Since we want another second-hand store nearby our location candidate, the _location_ attribute of the venues will be the most interesting attribute for our research.

## Methodology

In this project we direct our efforts on detecting areas of Berlin that have a high density of second-hand stores. 

In the first step we gather the necessary data. Then, we clean the collected data, e.g. remove irrelevant data or duplicates and possibly handle missing data. We then (visually) explore our clean data set and form a hypothesis about possible hot-spots and where would be a promissing location to open up a local second-hand store.

After that, we use DBSCAN-algorithm to cluster the locations of existing second-hand stores, to verify our hypothesis. While doing so, we take requirements of the stakeholders into consideration: At least 3 other second-hand stores nearby the location and one of them must be as close as 275 meters to our location candidate.

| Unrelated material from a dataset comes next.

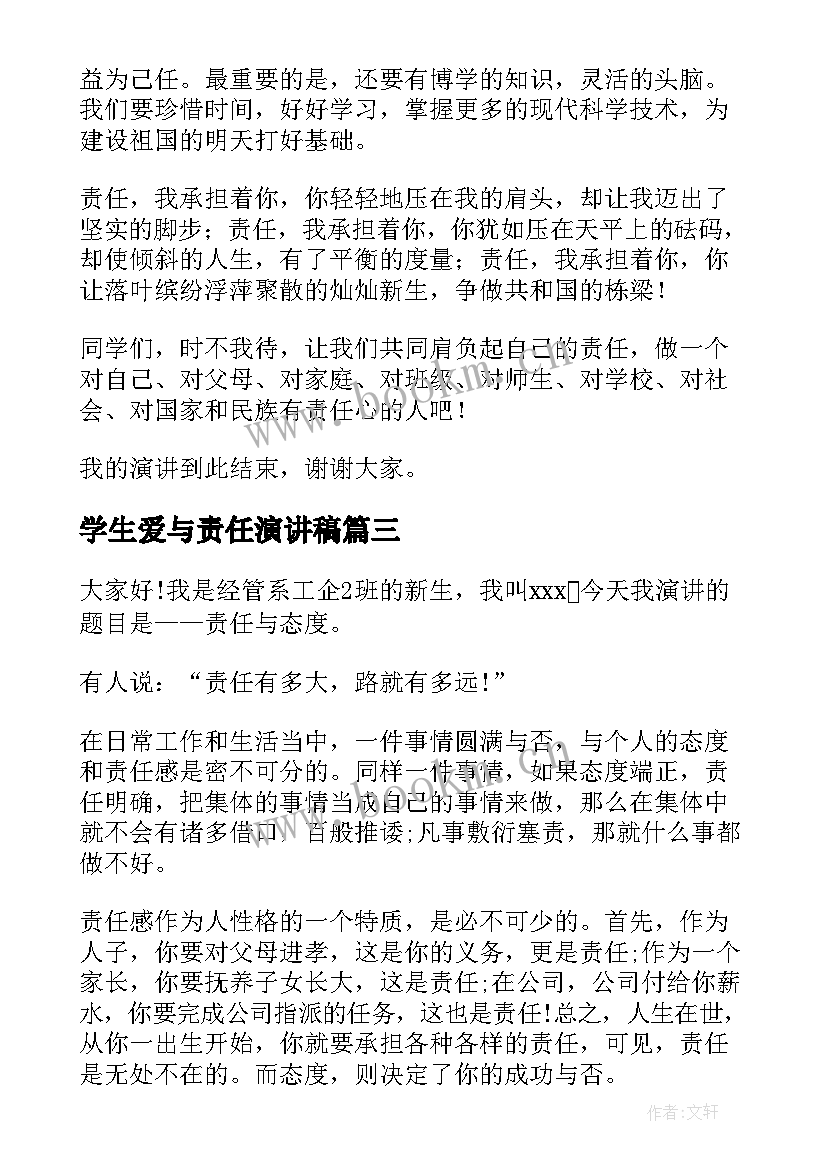 学生爱与责任演讲稿 中学生的责任演讲稿(实用6篇)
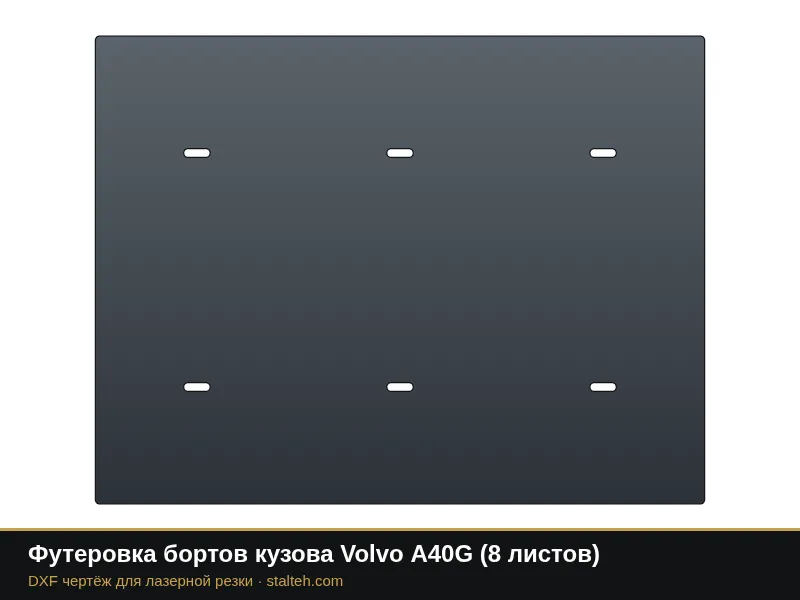 Футеровка бортов кузова Volvo A40G (8 листов): DXF чертёж для лазерной резки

We then visualize our findings and present the promissing location candidates based on the given criteria. Our result should be a starting point for final 'street level' exploration and search for optimal venue location by stakeholders.

## Analysis

We start by getting our environment ready. Then, we define some function that will come in handy in the further analysis.

### Getting ready

In [39]:
# first, let's import all needed librarys
import json
import requests
import utm
import time
import random
import math
import numpy as np
import pandas as pd
import folium
from folium.plugins import MarkerCluster
import sklearn.utils
from sklearn.cluster import DBSCAN
from sklearn import metrics

In [40]:
# define functions to use in this project
def foursquare_search(payload: dict) -> requests.Response:
    """call the search endpoint of Foursquare Places API"""
    url = 'https://api.foursquare.com/v2/venues/search'    
    payload['client_id'] = FOURSQUARE_CLIENT_ID
    payload['client_secret'] = FOURSQUARE_CLIENT_SECRET
    payload['v'] = FOURSQUARE_API_VERSION
    try:
        r = requests.get(url, params=payload)
        r.raise_for_status()      
    except requests.exceptions.HTTPError as err:
        print(err, '\nServer-Response:\n', json.dumps(err.response.json(), sort_keys=True, indent=3))
    return r

def format_address(location):
    """receive a nicely formatted address out of the json-response from Foursquare API"""
    address = ', '.join(location['formattedAddress'])
    address = address.replace(', Deutschland', '')
    address = address.replace(', Germany', '')
    return address
    
def calc_xy_distance(x1, y1, x2, y2):
    """calculate distance in UTX coordinate system"""
    dx = x2 - x1
    dy = y2 - y1
    return math.sqrt(dx*dx + dy*dy)

def openstreetmap_reverse(latitude: float, longitude: float) -> requests.Response:
    url='http://nominatim.openstreetmap.org/reverse?'
    payload={
        'format': 'json',
        'lat': latitude,
        'lon': longitude,
        'zoom': 18,
        'addressdetails': 1
    }
    try:
        r = requests.get(url, params=payload)
        r.raise_for_status()      
    except requests.exceptions.HTTPError as err:
        print(err, '\nServer-Response:\n', err)
    return r

def jprint(obj):
    """create a formatted string of the Python JSON object"""
    text = json.dumps(obj, sort_keys=True, indent=4)
    print(text)

### Data Gathering

Now, we request the Foursquare Places API to respond second-hand stores located in a bounding box defined by the following coordinates:

| box-corner | latitude | longitude |
| --- | --- | --- |
| south-west | 52.370554 | 13.091972 |
| north-east | 52.670999 | 13.786405 |

The defined bounding box includes the whole area of Berlin, Germany. We take the category id from the API documentation: [here](https://developer.foursquare.com/docs/resources/categories).

In [41]:
response = foursquare_search({
            'intent': 'browse',
            'sw': '52.370554, 13.091972',
            'ne': '52.670999, 13.786405',
            'categoryId': '4bf58dd8d48988d101951735' # foursquare category of second-hand & vintage stores
        })

print(response.status_code)

200


The __code 200__, which is returned in the _meta_ part of the json object, tells us, that everything went well with our request. Now, we loop through the results of the API call to extract the venue data.

In [42]:
# create lists to buffer the values
id_foursquare, venue, latitude, longitude, address = [], [], [], [], []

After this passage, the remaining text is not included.